## Activity
Leave out the pictures. Return every record otherwise untouched.

####

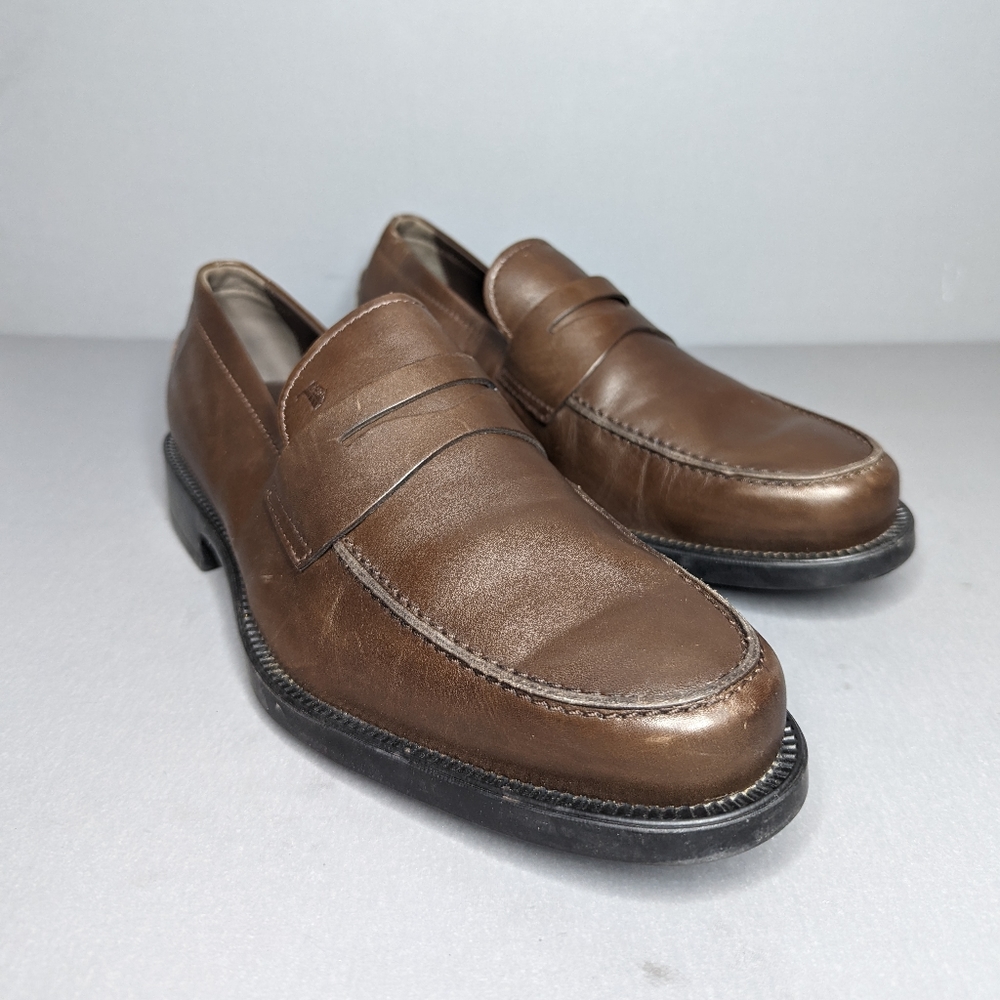 Tod's Boston Brown Penny Loafers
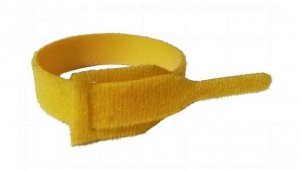 Opaski rzepowe 20x125 BTB Straps żółte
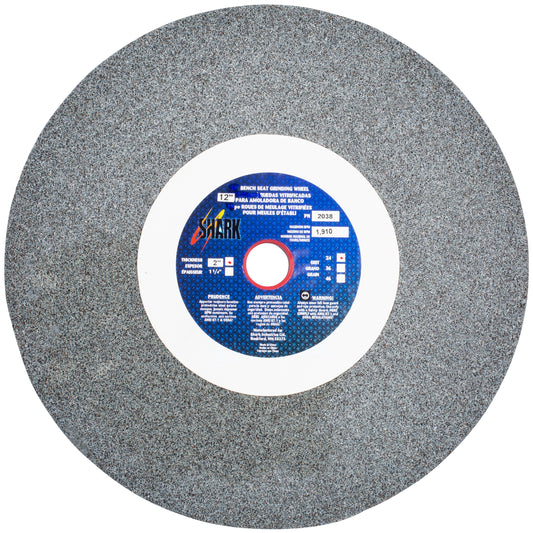 Shark Industries - Bench Seat Grinding Wheel – Type 1 – Size 12″ Aluminum Oxide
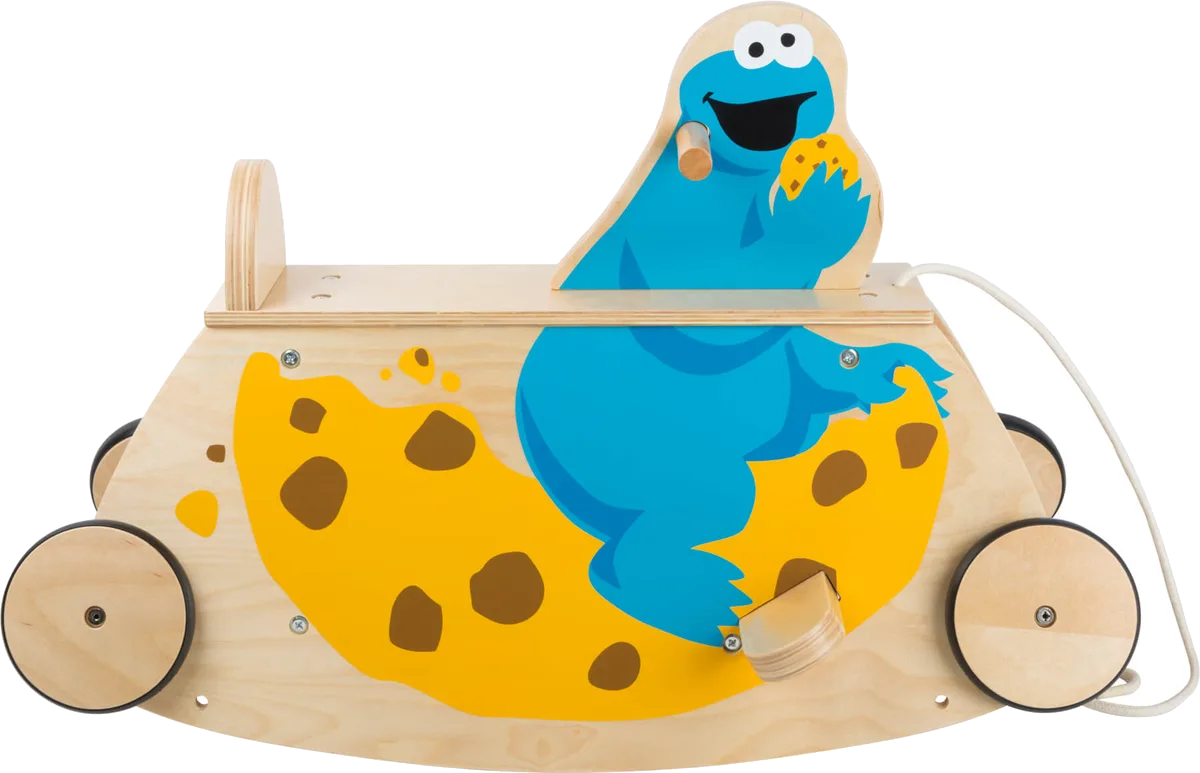 small foot Rocking chair with Wheels, SESAME STREET - image 1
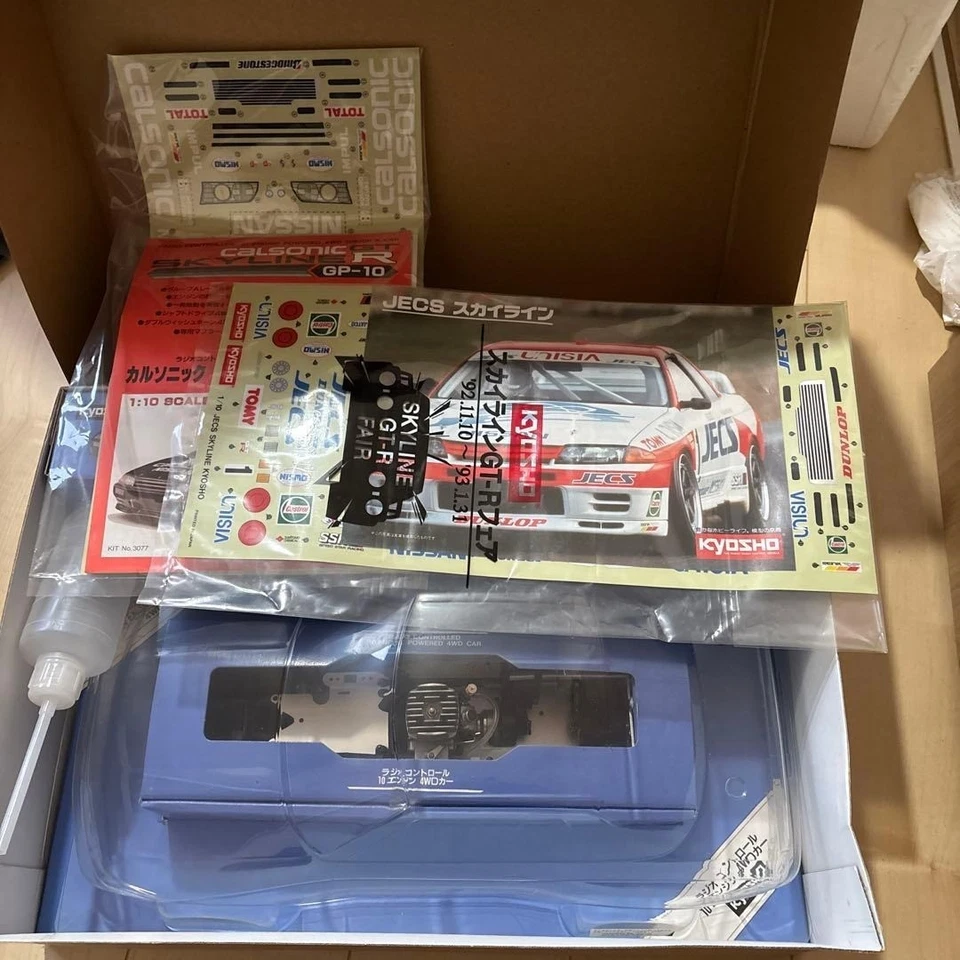 Kyosho 1/10 Calsonic Skyline GT-R GP-10 RC Car Kit Vintage Model - Image 3 of 4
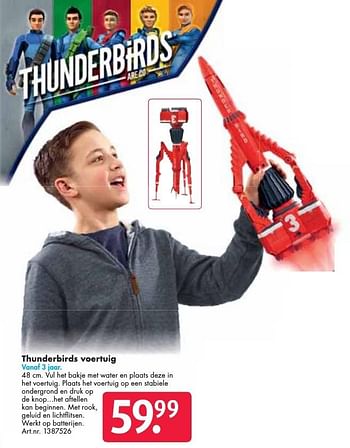 Aanbiedingen Thunderbirds voertuig - Thunderbirds - Geldig van 26/09/2016 tot 07/12/2016 bij Bart Smit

####

## Task result
 Tod's Boston Brown Penny Loafers
 Opaski rzepowe 20x125 BTB Straps żółte
 Shark Industries - Bench Seat Grinding Wheel – Type 1 – Size 12″ Aluminum Oxide
 small foot Rocking chair with Wheels, SESAME STREET - image 1
 Kyosho 1/10 Calsonic Skyline GT-R GP-10 RC Car Kit Vintage Model - Image 3 of 4
 Aanbiedingen Thunderbirds voertuig - Thunderbirds - Geldig van 26/09/2016 tot 07/12/2016 bij Bart Smit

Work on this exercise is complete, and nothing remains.